# Europe Forum > European Culture & History > European food and recipes >  Welsh cookie recipe...

## Nasturtium

Does anyone have a Welsh cookie recipe that DOES NOT contain shortning or lard? We always buy them when we go to the Scottish Highland Games here in Wisconsin, once a year, and that's not enough! Thanks!

----------


## Alizey

Here I want to share a recipe. I make it and I like its taste. Hope you will like it.
*Ingredients*
2 cups all-purpose flour
3/4 cup sugar, plus more for sprinkling
2 1/2 teaspoons baking powder
1 teaspoon finely grated orange zest
1 teaspoon freshly grated nutmeg
1/2 teaspoon fine salt
1/2 cup unsalted butter (1 stick), cold and diced, plus more for cooking
3/4 cup currants
2 large eggs, slightly beaten
2 to 3 tablespoons buttermilk
Melted butter, for cooking
*Directions*
Whisk the flour, sugar, baking powder, zest, nutmeg and salt in a medium bowl. Rub in the butter with your fingertips until the mixture looks sandy. Stir in the currants. Beat the eggs and 2 tablespoons of the buttermilk together. Stir into the dry ingredients to make a shaggy dough, add more buttermilk if the dough is dry. Gather dough into a disk, wrap in plastic wrap and refrigerate for 1 hour.

Roll the dough on a floured workspace into a piece about 1/4-inch thick. Cut into 2 to 3- inch rounds.

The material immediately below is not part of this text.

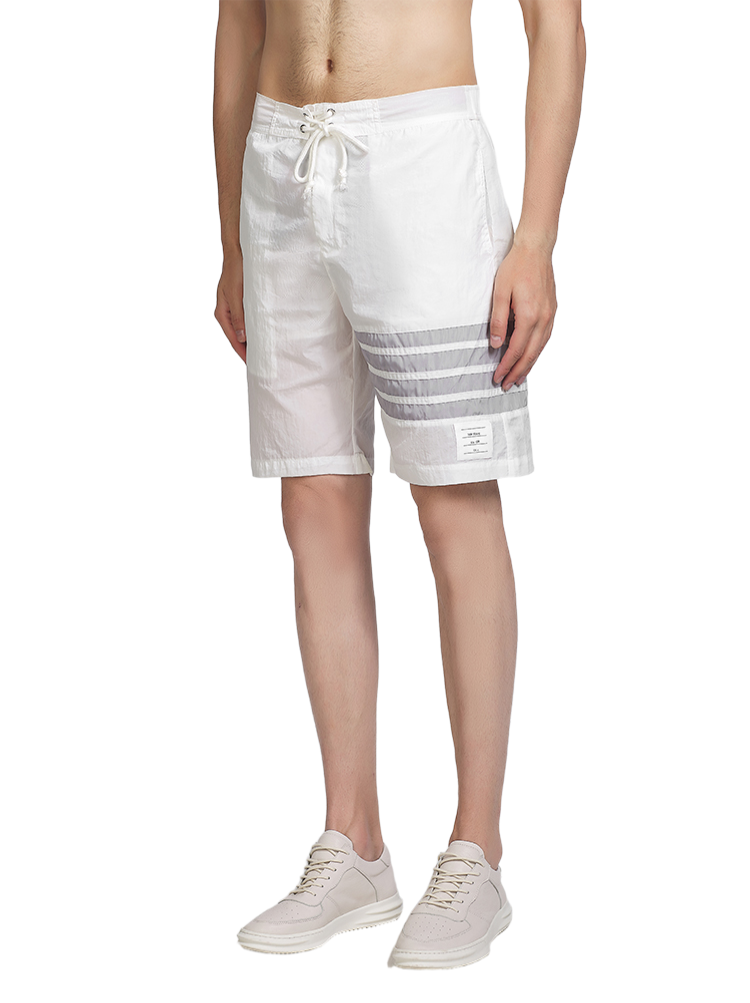 Thom Browne Four-Bar Diagonal Striped Beach Swimming Trunks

Heat a griddle or frying pan over medium-low heat. Brush the pan surface with butter. Cook the cookies until slightly brown and cooked through, about 4 to 5 minutes on each side. Transfer to a rack, sprinkle with sugar and cool. Store in a cookie tin.

----------


## elenekaterrr

I like cookies very mush so I appreciate for this recipe!

----------


## jk-oscar

> Here I want to share a recipe. I make it and I like its taste. Hope you will like it.
> *Ingredients*
> 2 cups all-purpose flour
> 3/4 cup sugar, plus more for sprinkling
> 2 1/2 teaspoons baking powder
> 1 teaspoon finely grated orange zest
> 1 teaspoon freshly grated nutmeg
> 1/2 teaspoon fine salt
> 1/2 cup unsalted butter (1 stick), cold and diced, plus more for cooking
> ...


After leaving Italy, I haven't eaten European food for quite some time. Thanks for the menu. In the future, I think I'll be able to cook my own food.

----------


## Lovecooking

I'll try this recipe, thanks very much :)

----------